Von Ihrem Standpunkt aus haben sie Recht, sagt die Lehrerin. Dabei habe ich doch gar keinen Standpunkt geäußert, sondern nur – die Realität des Menschlichen beschrieben. Nein, das Gefühl von Langeweile kam nicht auf an diesem Maitag 2022 …
08. Mai/03. Juli 2022
Lange nicht so gelacht … Zum Film „Eingeschlossene Gesellschaft“*
Ein Film (101 Min.) von Sönke Wortmann nach dem gleichnamigen Hörspiel von Jan Weiler, der auch das Drehbuch schrieb. Musik: Martin Todsharow. Erscheinungsdatum:14. April 2022.
Der Film wurde als Kömodie, auch als Satire angekündigt. Das übliche Wort Tragikkomödie, ein Genre, wo man nicht weiß, ob man lachen oder weinen soll, träfe hier auch. Es lag eindeutig an mir selbst.
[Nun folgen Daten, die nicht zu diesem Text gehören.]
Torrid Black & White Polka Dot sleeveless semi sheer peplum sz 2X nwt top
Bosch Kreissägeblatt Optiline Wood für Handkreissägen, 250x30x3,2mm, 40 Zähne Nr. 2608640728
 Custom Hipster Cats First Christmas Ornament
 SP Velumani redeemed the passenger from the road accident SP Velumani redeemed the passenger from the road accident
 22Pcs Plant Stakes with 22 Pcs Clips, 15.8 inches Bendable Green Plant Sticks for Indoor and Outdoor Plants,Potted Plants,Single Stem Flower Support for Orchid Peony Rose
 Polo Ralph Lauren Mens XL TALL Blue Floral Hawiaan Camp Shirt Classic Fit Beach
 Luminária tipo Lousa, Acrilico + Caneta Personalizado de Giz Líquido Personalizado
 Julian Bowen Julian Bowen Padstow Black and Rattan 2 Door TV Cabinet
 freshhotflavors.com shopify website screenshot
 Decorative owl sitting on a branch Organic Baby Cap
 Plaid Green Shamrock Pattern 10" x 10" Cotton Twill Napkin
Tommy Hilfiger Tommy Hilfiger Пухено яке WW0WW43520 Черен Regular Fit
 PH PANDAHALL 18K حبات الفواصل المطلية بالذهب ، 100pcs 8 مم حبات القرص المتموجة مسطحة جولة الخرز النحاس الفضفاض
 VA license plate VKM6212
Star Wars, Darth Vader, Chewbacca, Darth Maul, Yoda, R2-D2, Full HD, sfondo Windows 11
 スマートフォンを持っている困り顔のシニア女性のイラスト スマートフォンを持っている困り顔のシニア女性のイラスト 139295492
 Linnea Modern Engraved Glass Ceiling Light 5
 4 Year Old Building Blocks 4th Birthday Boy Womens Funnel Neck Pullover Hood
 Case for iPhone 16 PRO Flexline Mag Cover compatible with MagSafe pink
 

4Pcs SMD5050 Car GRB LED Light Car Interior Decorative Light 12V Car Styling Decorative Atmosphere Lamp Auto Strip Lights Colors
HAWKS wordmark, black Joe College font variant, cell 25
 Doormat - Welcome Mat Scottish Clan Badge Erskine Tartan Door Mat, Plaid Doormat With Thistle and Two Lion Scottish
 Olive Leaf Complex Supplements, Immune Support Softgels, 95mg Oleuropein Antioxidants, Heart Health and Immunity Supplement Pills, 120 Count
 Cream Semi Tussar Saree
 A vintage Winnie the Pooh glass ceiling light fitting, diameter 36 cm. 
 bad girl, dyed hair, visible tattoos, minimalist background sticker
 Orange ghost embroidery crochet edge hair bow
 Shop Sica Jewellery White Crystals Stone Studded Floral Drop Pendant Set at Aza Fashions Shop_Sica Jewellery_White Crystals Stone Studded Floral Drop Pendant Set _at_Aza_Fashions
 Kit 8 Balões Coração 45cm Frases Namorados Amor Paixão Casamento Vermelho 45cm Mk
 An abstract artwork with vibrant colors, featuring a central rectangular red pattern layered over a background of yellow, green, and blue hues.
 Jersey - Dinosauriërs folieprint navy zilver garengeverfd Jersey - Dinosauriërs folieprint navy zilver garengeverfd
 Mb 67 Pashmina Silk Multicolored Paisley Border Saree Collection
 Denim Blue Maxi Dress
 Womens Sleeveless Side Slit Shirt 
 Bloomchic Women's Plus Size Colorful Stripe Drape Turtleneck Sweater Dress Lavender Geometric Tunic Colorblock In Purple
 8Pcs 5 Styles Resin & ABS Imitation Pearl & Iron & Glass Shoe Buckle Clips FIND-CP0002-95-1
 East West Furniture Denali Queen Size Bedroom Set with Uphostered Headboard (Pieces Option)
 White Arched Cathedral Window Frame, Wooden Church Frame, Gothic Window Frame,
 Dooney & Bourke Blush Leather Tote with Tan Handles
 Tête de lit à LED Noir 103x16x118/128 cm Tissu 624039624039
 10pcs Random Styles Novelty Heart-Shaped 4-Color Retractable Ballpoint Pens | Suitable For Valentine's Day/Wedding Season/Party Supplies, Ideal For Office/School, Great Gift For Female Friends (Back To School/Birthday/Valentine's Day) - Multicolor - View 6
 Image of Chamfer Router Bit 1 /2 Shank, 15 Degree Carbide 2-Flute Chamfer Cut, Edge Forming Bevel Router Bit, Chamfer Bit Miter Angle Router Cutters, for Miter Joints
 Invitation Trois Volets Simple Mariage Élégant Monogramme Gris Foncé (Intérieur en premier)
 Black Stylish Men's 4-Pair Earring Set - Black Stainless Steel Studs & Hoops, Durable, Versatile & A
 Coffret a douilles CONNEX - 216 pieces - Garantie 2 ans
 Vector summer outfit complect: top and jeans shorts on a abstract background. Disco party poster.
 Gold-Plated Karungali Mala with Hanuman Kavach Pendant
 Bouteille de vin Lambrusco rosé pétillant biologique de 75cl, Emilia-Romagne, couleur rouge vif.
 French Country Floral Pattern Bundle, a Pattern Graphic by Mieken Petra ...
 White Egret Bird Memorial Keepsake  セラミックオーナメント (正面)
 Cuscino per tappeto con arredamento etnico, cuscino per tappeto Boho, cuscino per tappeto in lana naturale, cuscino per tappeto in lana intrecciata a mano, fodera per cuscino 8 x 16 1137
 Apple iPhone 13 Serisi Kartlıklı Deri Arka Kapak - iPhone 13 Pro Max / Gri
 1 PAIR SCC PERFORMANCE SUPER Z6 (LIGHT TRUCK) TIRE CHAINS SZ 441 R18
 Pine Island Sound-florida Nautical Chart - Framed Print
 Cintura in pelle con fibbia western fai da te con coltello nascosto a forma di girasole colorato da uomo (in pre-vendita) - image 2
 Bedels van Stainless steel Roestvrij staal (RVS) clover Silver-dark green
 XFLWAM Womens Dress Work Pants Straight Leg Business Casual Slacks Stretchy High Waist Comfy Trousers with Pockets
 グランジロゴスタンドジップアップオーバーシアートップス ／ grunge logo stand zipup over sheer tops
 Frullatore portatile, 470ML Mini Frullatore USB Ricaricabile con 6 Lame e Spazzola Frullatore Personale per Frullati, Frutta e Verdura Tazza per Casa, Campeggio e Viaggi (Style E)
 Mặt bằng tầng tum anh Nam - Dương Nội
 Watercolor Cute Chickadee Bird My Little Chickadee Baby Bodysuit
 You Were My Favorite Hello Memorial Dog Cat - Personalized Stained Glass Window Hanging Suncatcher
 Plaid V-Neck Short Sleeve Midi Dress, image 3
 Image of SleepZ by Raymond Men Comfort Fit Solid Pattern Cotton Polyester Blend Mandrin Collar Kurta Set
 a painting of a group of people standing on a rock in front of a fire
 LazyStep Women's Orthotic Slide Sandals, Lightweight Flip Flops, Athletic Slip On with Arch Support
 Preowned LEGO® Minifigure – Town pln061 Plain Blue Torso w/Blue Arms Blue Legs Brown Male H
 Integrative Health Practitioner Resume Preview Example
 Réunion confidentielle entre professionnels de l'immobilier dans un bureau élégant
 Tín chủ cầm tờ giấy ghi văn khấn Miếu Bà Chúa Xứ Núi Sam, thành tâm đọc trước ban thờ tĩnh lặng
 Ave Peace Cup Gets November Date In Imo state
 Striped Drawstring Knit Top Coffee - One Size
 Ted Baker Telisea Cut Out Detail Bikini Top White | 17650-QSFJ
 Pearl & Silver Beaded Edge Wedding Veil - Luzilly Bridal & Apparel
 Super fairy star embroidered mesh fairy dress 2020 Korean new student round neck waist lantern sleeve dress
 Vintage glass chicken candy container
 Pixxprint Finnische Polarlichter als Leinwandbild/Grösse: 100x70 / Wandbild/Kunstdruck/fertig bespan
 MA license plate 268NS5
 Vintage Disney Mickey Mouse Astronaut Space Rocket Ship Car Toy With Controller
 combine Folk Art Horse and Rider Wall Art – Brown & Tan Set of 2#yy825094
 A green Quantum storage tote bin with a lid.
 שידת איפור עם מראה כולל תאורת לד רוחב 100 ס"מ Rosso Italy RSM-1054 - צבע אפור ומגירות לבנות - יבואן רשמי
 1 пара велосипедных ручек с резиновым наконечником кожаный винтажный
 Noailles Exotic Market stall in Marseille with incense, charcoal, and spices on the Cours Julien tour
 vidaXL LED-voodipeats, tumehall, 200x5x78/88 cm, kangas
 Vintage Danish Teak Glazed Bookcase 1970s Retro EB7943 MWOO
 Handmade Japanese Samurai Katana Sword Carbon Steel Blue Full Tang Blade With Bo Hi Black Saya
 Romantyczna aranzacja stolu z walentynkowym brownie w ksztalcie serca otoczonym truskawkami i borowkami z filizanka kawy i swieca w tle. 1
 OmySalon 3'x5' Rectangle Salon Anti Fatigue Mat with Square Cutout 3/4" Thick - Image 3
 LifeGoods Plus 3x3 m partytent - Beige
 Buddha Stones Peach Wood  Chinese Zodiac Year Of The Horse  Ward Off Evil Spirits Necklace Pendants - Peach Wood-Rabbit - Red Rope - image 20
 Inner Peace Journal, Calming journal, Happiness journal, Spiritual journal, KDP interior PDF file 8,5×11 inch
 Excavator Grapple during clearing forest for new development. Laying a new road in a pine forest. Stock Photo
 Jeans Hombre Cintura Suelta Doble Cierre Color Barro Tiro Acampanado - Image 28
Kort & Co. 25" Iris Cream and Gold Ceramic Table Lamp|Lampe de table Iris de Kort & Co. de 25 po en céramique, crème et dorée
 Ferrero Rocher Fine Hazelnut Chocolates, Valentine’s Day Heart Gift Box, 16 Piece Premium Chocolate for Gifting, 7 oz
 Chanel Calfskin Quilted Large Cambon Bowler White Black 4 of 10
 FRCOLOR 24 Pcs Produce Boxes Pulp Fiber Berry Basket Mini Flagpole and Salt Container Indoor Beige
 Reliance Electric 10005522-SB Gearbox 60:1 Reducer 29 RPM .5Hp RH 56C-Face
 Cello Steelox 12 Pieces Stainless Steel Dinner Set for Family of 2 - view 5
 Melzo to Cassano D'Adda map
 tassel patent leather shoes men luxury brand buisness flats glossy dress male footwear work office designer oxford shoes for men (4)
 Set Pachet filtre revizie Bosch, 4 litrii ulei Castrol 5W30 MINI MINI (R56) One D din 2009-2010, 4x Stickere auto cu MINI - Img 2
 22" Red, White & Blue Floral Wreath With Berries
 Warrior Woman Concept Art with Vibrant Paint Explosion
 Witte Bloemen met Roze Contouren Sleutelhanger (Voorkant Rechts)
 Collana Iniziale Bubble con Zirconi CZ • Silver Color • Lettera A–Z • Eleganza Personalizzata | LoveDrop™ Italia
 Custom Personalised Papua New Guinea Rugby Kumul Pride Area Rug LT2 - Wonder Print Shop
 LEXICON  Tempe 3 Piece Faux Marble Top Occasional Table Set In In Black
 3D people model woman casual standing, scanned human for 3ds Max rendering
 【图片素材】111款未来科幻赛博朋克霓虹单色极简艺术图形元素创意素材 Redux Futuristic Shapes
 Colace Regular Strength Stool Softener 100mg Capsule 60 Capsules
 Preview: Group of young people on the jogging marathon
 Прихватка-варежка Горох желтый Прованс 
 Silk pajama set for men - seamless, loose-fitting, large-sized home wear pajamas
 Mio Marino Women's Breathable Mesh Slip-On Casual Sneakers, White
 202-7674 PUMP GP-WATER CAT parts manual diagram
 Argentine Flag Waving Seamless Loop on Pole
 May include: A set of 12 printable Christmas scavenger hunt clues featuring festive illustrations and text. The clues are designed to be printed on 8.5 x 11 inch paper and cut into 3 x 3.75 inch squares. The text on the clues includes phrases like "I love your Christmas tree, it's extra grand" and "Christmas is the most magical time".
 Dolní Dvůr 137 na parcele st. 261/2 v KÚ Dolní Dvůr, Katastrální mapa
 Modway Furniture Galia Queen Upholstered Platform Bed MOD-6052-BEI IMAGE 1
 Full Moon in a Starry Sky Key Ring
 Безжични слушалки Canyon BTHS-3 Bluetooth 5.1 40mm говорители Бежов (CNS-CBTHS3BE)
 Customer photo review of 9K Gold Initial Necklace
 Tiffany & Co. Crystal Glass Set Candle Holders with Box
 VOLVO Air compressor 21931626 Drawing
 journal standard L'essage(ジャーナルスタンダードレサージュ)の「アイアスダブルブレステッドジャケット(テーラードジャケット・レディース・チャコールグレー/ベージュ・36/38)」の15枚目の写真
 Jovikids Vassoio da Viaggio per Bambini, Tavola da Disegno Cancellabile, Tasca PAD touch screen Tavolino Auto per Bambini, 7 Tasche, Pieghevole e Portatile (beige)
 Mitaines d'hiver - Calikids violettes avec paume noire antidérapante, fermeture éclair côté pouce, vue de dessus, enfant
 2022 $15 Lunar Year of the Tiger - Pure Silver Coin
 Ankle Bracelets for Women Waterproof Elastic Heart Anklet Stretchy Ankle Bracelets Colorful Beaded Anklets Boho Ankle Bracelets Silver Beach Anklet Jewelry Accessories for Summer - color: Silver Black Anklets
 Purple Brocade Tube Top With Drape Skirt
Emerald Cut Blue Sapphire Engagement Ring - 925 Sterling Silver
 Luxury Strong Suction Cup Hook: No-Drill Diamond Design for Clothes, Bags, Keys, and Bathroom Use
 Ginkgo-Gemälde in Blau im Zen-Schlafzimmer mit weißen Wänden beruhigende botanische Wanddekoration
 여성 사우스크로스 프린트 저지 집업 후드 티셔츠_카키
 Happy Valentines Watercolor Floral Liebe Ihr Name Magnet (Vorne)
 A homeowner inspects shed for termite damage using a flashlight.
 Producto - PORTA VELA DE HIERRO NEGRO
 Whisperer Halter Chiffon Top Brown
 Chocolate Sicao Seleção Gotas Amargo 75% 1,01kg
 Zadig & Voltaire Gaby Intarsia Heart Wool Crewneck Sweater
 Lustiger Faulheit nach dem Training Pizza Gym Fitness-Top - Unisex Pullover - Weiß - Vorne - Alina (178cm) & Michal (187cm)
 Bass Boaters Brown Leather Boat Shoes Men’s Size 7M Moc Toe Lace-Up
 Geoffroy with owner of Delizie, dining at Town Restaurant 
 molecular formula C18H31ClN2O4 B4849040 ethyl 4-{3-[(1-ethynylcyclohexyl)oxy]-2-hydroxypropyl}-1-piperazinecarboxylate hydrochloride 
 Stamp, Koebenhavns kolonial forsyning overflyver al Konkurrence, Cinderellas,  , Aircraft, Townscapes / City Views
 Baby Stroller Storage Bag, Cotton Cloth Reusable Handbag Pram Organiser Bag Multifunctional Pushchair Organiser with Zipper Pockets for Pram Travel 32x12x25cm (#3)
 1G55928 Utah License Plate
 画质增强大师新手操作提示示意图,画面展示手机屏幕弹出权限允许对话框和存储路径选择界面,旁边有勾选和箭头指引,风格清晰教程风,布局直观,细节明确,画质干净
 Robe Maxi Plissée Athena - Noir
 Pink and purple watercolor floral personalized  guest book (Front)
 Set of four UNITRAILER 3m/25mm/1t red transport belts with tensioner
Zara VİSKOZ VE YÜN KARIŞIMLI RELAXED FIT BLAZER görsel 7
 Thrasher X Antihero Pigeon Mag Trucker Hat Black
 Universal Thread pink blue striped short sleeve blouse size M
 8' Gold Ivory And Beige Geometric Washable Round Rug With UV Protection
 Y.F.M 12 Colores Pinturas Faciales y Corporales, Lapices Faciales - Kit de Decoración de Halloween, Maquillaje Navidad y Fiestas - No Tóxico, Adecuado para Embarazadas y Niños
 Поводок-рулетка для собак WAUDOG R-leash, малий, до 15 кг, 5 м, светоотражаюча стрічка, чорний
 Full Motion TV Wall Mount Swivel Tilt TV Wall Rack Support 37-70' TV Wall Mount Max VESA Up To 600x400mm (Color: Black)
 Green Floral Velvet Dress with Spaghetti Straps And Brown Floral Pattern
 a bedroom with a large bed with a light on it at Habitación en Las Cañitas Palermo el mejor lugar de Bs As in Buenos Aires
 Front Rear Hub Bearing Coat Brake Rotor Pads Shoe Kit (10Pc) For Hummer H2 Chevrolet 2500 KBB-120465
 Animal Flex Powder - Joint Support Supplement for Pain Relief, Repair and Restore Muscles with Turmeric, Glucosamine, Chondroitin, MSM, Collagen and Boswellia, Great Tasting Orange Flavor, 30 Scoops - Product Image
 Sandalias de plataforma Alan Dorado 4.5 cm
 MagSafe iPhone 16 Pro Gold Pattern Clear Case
Ich hatte da völlig falsche Erwartungen, hätte mir vorab zumindest den Trailer anschauen sollen. Da wäre mir ein Licht aufgegangen. Die gewollte Assoziation ist ja diese: von der „Offenen Gesellschaft“ Poppers (ihr Kennzeichen: Demokratie) springen die Gedanken zur geschlossenen Gesellschaft (einem Synonym für Diktatur). Dass man Menschen auch in Räume einsperren kann, ist bekannt – nach den ersten Minuten des Filmes war mir klar, dass es hier wirklich um Eingeschlossenheit geht. Die ganze Handlung oder Ereignislosigkeit wird sich hier in diesem Raume, in den Dialogen abspielen. Der Sportlehrer hatte da einige treffende Bemerkungen. Der schüchterne Chemielehrer war auch nicht schlecht mit seinem Plädoyer für den Jungen. – Halt, worum ging es überhaupt? Um diesen einen Punkt, der dem Jungen für die Zulassung zum Abitur fehlte. Der Vater drängt sich ins Lehrerzimmer, fordert eine Lehrerkonferenz hier und auf der Stelle, gibt eine Stunde Zeit, eine Entscheidung für den Punkt zu erzielen. Er hält eine Pistole vor, um dem Ganzen Nachdruck zu verleihen. Anrufe bei der Polizei von einem verborgenen Handy aus scheitern, die Polizei nimmt den Anruf nicht ernst.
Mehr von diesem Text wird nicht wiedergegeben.